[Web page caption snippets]
◆ ◆ ◆ ◆
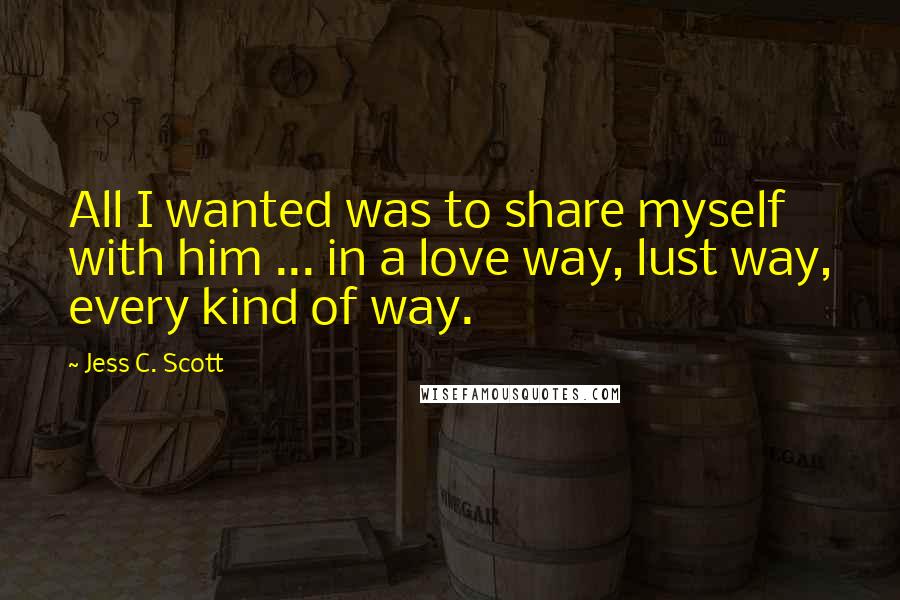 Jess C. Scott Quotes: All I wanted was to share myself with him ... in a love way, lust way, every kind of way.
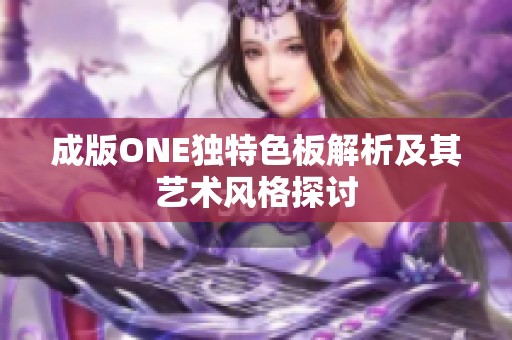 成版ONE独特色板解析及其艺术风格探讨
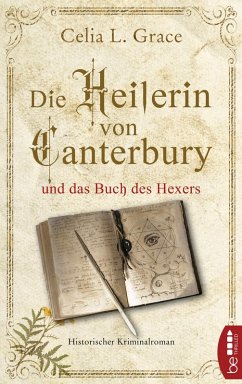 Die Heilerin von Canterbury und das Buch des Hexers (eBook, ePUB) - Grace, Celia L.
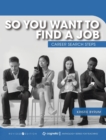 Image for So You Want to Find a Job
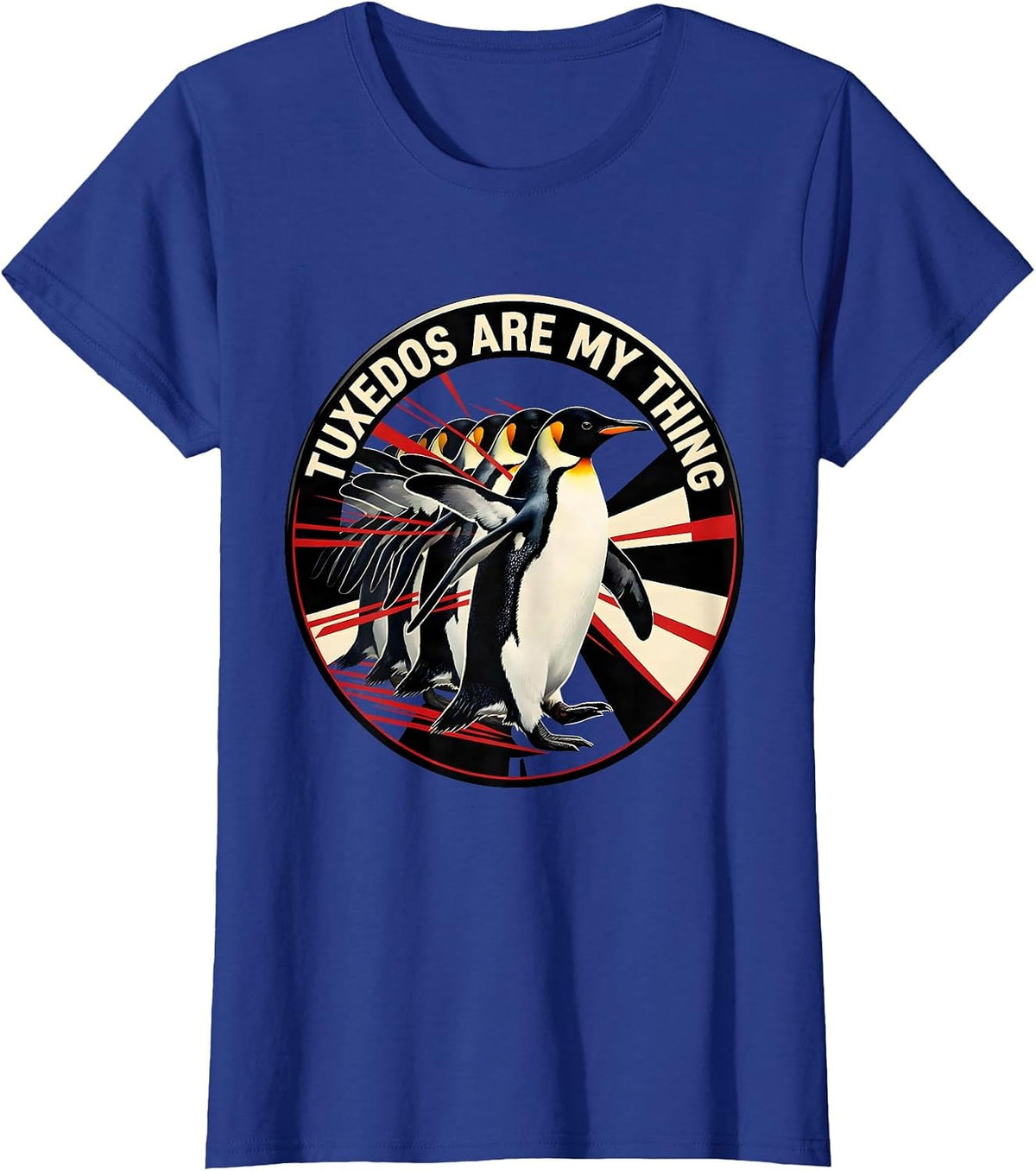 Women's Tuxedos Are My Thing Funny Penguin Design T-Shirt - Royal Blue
◆ ◆ ◆ ◆
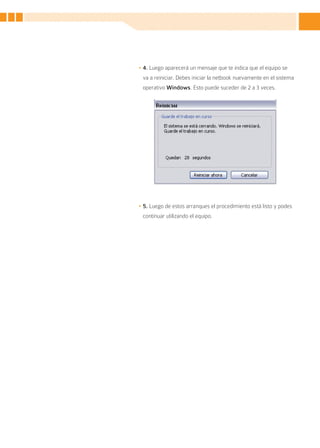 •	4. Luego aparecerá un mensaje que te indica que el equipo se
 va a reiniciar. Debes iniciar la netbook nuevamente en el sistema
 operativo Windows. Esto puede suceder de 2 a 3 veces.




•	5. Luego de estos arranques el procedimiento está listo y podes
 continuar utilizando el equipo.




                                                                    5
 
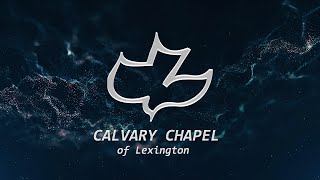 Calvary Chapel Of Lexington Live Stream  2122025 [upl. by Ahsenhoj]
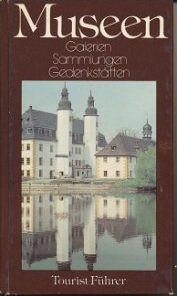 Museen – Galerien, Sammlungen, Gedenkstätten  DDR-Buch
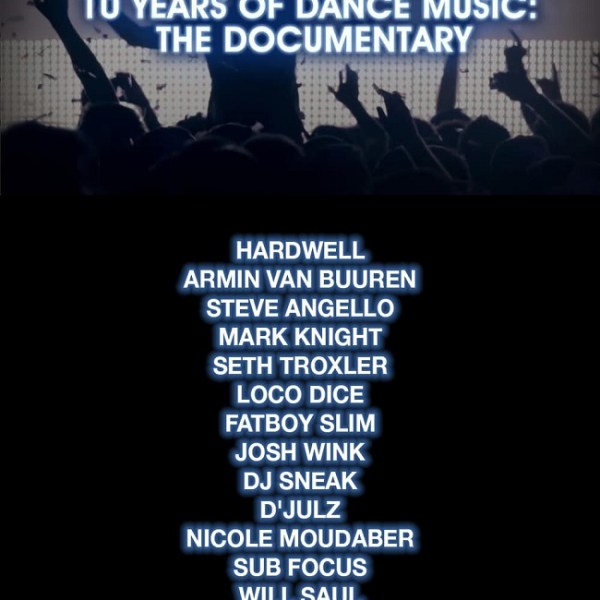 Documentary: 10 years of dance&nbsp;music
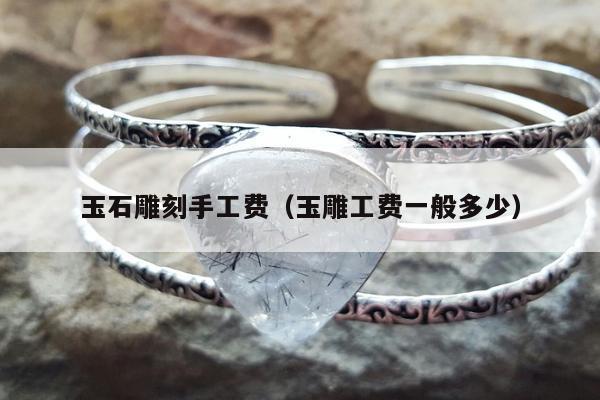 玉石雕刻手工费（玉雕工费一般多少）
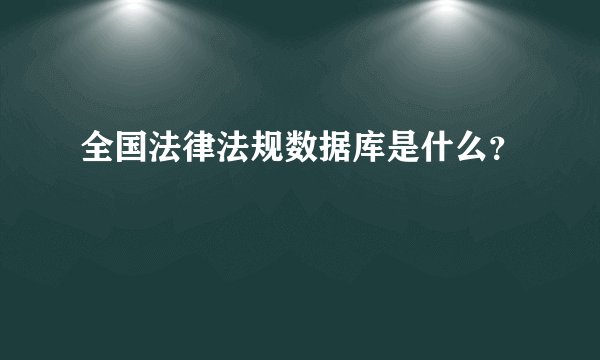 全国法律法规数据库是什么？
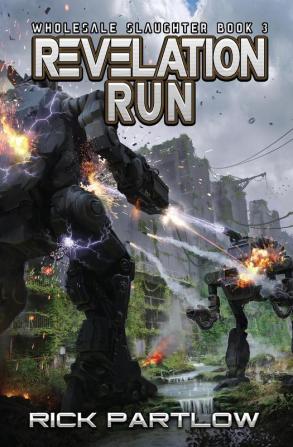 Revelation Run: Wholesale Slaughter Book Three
◆ ◆ ◆ ◆
• [Assignment]: All pictures are to be skipped. Output, word for word, the lines in the data above starting at the line containing "Documentary: 10 years of dance&nbsp;music" and ending at the line containing "Revelation Run: Wholesale".

• [Solved problem]:
 Documentary: 10 years of dance&nbsp;music
 玉石雕刻手工费（玉雕工费一般多少）
 全国法律法规数据库是什么？
 Revelation Run: Wholesale Slaughter Book Three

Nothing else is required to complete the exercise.